In the package peri, the mathematical model itself is split into two parts: the components of the model, and the interaction between those components to create a final image. A component of the model is a description of a physical property of the sample or microscope – for instance, the distribution \(\Pi\) of fluorescent dye in the image or the intensity \(I\) of the light source. In addition, we need to know how these components interact mathematically to form a model image – e.g. the dye gets illuminated by the light as \(I\times \Pi\).
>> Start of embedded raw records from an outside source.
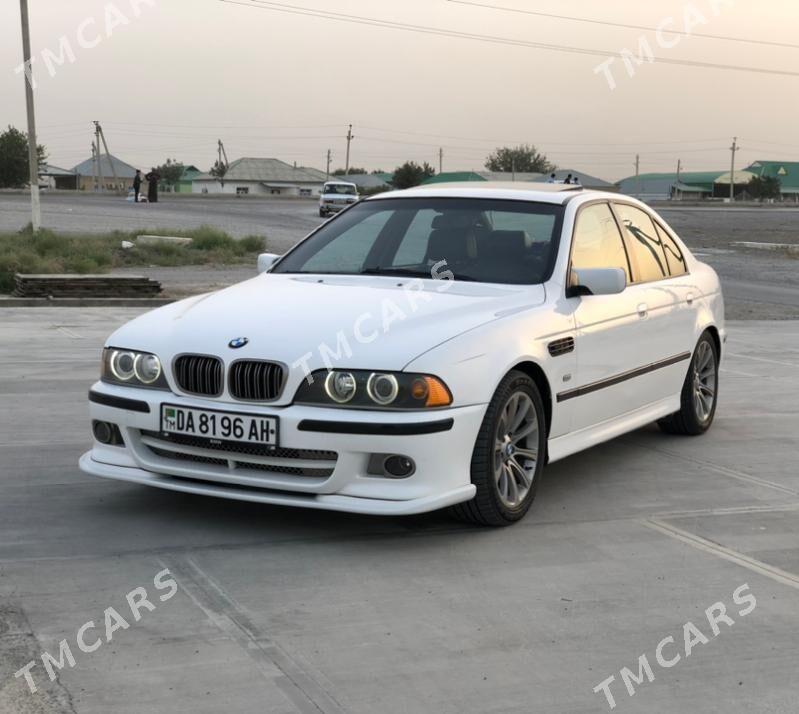 BMW E39 2002 - 135 000 TMT - Aşgabat - img 3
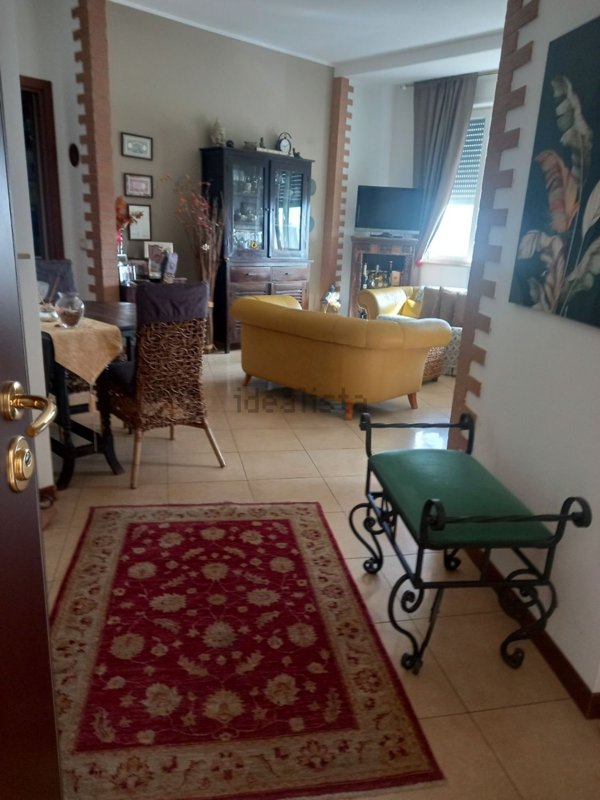 appartamento in vendita a Piacenza in zona Infrangibile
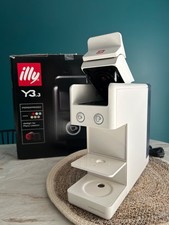 macchina da caffe Illy iperespresso bianca con capsule; ottime condizioni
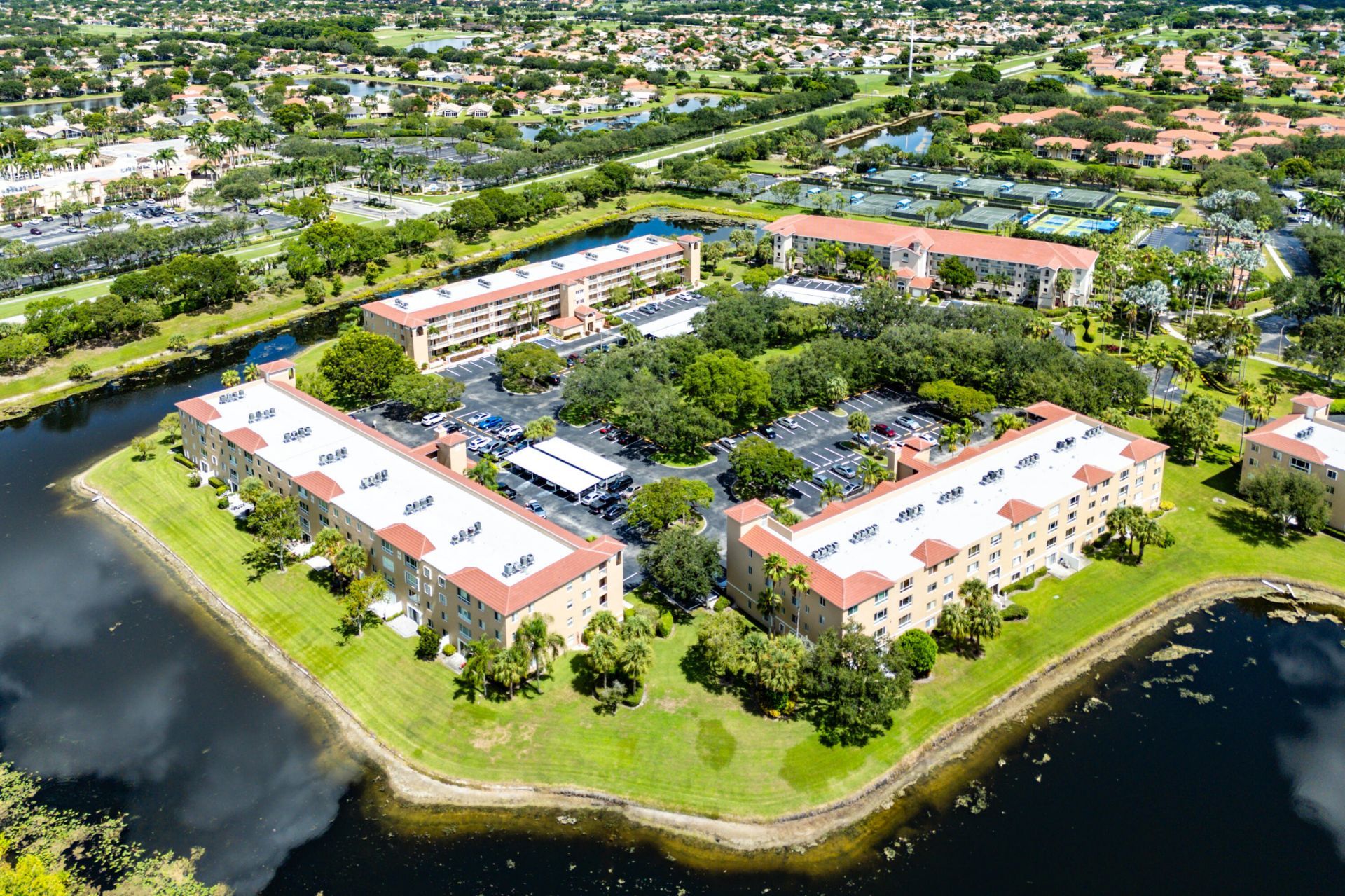 5874 Crystal Shores Drive, Unit 304, Boynton Beach, FL 33437 Photo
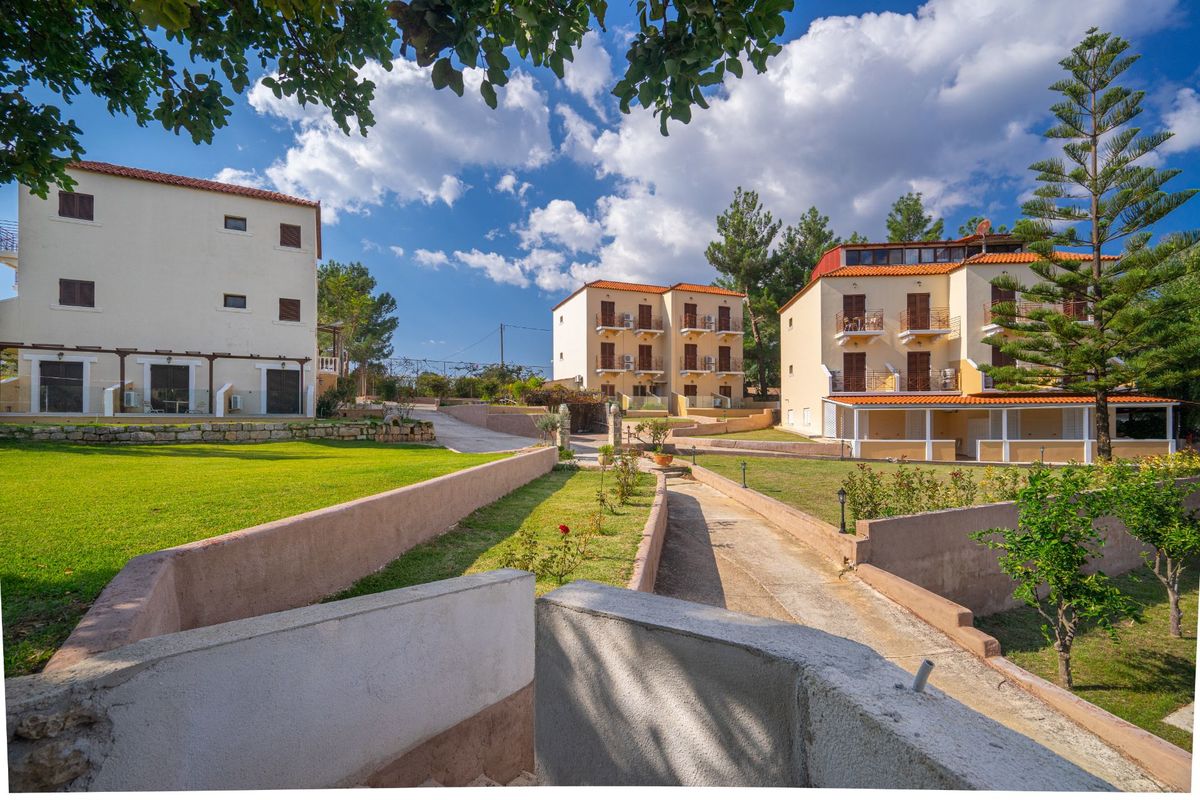 Karavados Beach Hotel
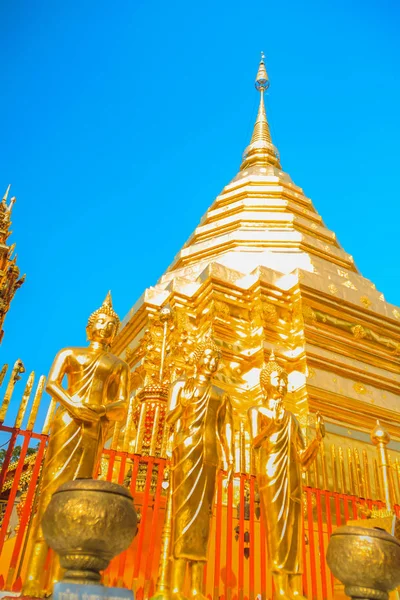 美丽的泰国北方风格的黄金教堂和宝塔建筑在 Wat Phra Doi Suthep 著名的寺庙 并成为泰国清迈的地标 — 图库照片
Let’s do a concrete example with our image above.

First, we need to figure out what components form our model.

Looking at the image, we see that the sample is composed of a coverslip slide and a lot of spheres. We can start by creating those objects with an initial guess for the particle positions and the following code:

import numpy
from peri.comp import objs
coverslip = objs.Slab(zpos=6)
particle_positions = numpy.load('particle-positions.npy')
particle_radii = 5.0  # a good guess for the particle radii, in pixels
particles = objs.PlatonicSpheresCollection(particle_positions, particle_radii)

All the model components in peri are stored in the module peri.comp. The components describing the microscope sample being imaged are stored in peri.comp.objs, which we import in the first line. In the next line, we create a coverslip, which is described by a peri.comp.objs.Slab object. Finally, in the last line we create a collection of spheres, described by peri.comp.objs.PlatonicSpheresCollection.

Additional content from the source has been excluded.